Below are entries. Copy exactly the lines running from the line that holds "Ilustración de campanillas" to the line that holds "X0000093381506200711011239", with both ends included.

======== Material to process

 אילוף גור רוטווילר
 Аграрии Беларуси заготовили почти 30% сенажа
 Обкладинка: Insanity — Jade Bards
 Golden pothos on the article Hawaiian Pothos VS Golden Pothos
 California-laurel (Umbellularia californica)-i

================
======== Material to process

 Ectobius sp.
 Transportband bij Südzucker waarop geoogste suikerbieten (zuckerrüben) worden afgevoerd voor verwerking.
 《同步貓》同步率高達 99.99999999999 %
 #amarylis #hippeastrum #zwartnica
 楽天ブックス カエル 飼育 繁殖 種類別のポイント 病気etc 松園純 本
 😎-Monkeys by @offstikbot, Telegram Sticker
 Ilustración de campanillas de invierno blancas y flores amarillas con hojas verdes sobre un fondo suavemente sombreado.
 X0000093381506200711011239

================

■ **Response to the exercise**:
 Ilustración de campanillas de invierno blancas y flores amarillas con hojas verdes sobre un fondo suavemente sombreado.
 X0000093381506200711011239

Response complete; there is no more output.